The International Chess Federation (FIDE) runs the
tournament. Fischer Random has different rules from the ordinary or classical
chess we know. Just ask the experts to explain to you about it. Honestly, I can’t.
In an interview at Chess.Com by David Cox posted in April
10, 2019, Wesley So, the Philippine-born chess wonder and world’s top 10,
recollects how he met former actress Lotis Key. So said, “I was staying with
this Filipino guy during the tournament, and he put on a dinner party where I
met Lotis and her family …. [T]hey gave me a place to stay, which was only
supposed to be a short-term thing, six months to help me get my paperwork and
everything sorted out. They’d always supported a lot of foster children through
their local church. But then within 10 months of that Christmas, I was living
with them full-time and they adopted me.” Lotis Key, erstwhile Dolphy’s
leading lady, is married to Bambi Kabigting, a former basketeer who now lives in the US.

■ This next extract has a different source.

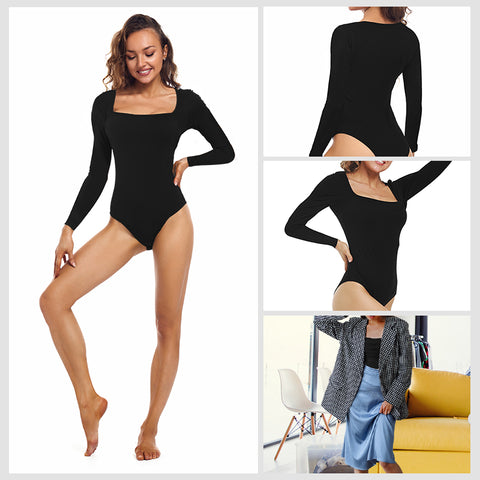 Women Square Neck Bodysuit Long Sleeve Body Suit Tan Tops Jumpsuit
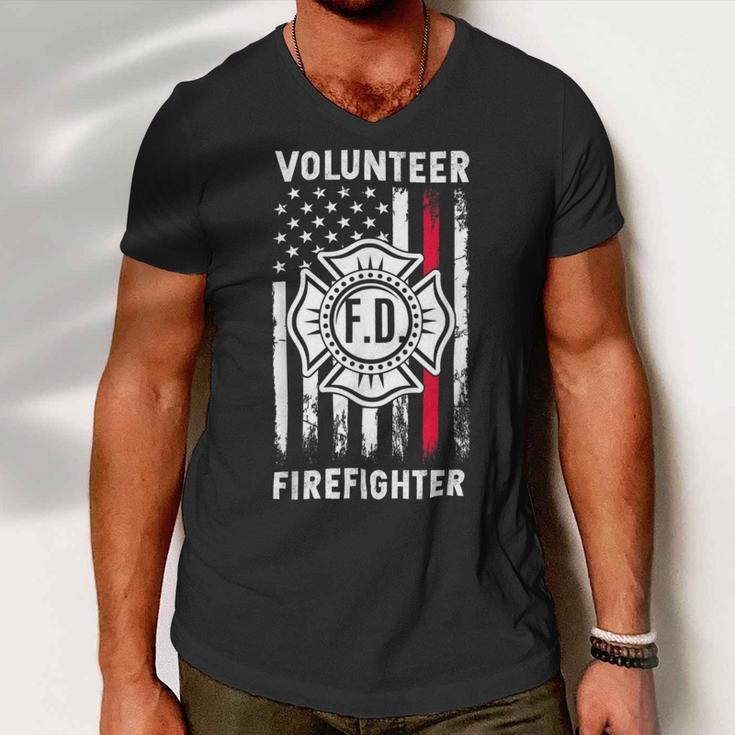 Firefighter Red Line Flag Fireman Wife Mom Volunteer Firefighter Men V-Neck Tshirt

Wesley So’s surrogate father has ancestry in San Jose,
Occidental Mindoro. He is a first cousin from maternal side of my high school
batch mate Francisco “King” Banta, a resident of San Roque and a basketball
referee in town. King, by the way is the youngest of Lt. Col. Jose Banta and
Pilar Trinidad. Pilar had a sister named Estrella (or Esther) who later tied
knots with Ramon Kabigting. Ramon and Esther are the parents of Renato
nicknamed “Bambi,” now foster father of Wesley So. Bambi is the subject of my
conversation with his cousin King through private messenger at Facebook the
other night.
Renato “Bambi” Kabigting is a former college basketball star
who played for the Ateneo Blue Eagles and Crispa Redmanizers and from there
moving on to several professional basketball teams including San Miguel (1982),
Alaska and Great Taste (1986). He had a short stint in the PBA though. In 2014,
Lotis and Bambi took Wesley into their family.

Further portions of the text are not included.